Mientras tanto, todos los mensajes públicos que alientan a la gente quedarse en casa han generado reflexiones metafísicas. El hogar es donde uno quiere estar cuando enfrenta peligros graves. Cuando mi familia y yo nos dimos cuenta de que enfrentábamos un período prolongado de distanciamiento social, nos sorprendimos a nosotros mismos con la decisión de regresar a Bulgaria.

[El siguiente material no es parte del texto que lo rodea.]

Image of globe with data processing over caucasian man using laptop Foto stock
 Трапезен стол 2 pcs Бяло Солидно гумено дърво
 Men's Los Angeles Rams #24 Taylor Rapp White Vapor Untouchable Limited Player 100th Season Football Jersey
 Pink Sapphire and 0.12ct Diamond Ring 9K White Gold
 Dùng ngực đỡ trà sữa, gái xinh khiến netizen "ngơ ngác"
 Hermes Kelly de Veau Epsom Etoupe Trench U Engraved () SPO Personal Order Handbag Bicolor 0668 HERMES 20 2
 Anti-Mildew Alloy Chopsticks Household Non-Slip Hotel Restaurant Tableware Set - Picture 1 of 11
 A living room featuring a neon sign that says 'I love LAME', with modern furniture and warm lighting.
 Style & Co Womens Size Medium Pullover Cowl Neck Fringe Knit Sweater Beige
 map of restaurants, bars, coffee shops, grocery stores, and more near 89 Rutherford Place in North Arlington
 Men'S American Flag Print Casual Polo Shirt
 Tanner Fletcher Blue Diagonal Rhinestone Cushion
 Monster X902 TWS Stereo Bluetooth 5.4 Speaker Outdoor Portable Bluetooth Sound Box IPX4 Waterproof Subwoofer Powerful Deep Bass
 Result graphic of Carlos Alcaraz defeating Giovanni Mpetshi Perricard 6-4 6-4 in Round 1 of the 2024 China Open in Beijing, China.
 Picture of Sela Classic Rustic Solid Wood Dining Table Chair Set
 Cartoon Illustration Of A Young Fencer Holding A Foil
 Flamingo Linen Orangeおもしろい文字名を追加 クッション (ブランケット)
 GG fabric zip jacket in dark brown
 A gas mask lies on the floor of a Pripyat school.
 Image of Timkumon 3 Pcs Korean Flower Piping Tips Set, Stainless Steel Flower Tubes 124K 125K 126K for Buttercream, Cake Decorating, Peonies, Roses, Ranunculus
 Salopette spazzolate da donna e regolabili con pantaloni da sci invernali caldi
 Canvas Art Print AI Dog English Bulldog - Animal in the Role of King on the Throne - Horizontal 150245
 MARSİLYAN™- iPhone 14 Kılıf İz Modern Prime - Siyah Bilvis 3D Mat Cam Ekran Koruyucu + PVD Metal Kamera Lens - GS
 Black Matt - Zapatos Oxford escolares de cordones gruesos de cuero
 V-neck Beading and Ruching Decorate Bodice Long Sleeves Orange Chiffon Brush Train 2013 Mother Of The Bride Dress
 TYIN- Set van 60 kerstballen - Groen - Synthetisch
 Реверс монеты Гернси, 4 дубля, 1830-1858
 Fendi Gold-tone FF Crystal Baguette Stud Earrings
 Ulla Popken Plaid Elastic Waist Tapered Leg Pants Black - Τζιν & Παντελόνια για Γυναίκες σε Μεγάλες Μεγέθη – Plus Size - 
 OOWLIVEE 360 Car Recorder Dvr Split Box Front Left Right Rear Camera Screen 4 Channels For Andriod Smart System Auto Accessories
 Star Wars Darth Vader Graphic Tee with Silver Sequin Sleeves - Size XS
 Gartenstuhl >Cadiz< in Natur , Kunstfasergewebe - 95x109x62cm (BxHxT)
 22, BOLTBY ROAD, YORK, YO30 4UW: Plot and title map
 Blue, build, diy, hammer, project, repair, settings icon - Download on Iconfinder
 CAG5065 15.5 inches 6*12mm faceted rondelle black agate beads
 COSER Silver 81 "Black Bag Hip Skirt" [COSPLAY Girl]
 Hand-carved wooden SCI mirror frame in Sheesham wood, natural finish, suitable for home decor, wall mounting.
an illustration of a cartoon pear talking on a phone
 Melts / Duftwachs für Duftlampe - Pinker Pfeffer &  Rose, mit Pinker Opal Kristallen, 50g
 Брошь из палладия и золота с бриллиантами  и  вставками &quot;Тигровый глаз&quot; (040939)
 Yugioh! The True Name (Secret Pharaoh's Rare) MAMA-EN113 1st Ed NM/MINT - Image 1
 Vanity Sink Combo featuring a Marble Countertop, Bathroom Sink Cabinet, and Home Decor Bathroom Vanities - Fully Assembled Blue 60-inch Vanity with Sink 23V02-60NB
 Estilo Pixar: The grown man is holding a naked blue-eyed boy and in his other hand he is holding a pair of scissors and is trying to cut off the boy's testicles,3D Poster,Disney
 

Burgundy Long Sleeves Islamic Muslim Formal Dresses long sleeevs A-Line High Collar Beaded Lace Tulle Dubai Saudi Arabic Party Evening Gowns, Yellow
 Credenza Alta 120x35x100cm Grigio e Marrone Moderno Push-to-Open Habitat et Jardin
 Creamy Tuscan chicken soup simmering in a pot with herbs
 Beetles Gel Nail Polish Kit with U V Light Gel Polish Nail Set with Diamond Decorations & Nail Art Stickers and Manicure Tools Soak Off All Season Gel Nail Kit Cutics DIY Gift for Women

No fue exactamente una decisión racional, vivimos y trabajamos en Viena durante una década, amamos esa ciudad (y el sistema de atención sanitaria austríaco es mucho más confiable que el búlgaro). Lo que nos hizo regresar a Bulgaria fue que comprendimos que teníamos que “quedarnos en casa”. Nuestro hogar es Bulgaria. En una época de crisis queríamos estar más cerca de la gente y los lugares que conocimos durante todas nuestras vidas. No fuimos los únicos: 200.000 búlgaros que vivían en el extranjero hicieron lo mismo.
Una cantidad de personas similar buscó refugio en sus países de origen y encontró consuelo en sus idiomas nativos. En momentos de grave peligro, casi inconscientemente hablamos en nuestro idioma materno. Durante mi niñez en Bulgaria aprendí una lección valiosa de las películas soviéticas sobre la Segunda Guerra Mundial. Uno de los momentos más peligrosos para las espías soviéticas durante el Reich de Hitler eran los partos, porque involuntariamente se quejaban en ruso, su idioma nativo. Quedarse en casa era quedarse con el idioma nativo... y estar a salvo.
Una de las grandes ilusiones ópticas de la globalización del siglo XXI es que solo las personas móviles de la alta sociedad son verdaderamente cosmopolitas y solo quienes se sienten en casa en distintos lugares pueden mantener una perspectiva universalista. Después de todo, Immanuel Kant, modelo del cosmopolitismo, nunca abandonó su pueblo natal de Königsberg, que perteneció a distintos imperios en distintos momentos. Kant encarnó la misma paradoja que la Covid-19, que aumentó la globalización del mundo incluso mientras ponía a los estados-nación en contra de la globalización.
Por ejemplo, el “aislamiento” y el “distanciamiento social” abrieron la mente europea. Cerrar las fronteras entre los estados miembros de la UE y encerrar a la gente en sus departamentos nos tornó más cosmopolitas. Para quienes tienen acceso a la tecnología de comunicaciones, la pandemia no presagió la desglobalización, sino la deslocalización. Nuestros vecinos geográficos no están en realidad más cerca que nuestros amigos y colegas en el extranjero; y nos sentimos más cerca de los comentaristas de TV que de la gente en la calle.
Tal vez, por primera vez en la historia, la gente ha mantenido las mismas conversaciones sobre los mismos temas; todos compartimos el mismo miedo. Mientras nos quedamos en casa y pasamos horas frente a las pantallas fuimos testigos de las similitudes entre nuestras propias experiencias y las de todos los demás. Tal vez sea un momento histórico pasajero, pero no podemos negar que logramos entender cómo se siente vivir en un mismo mundo.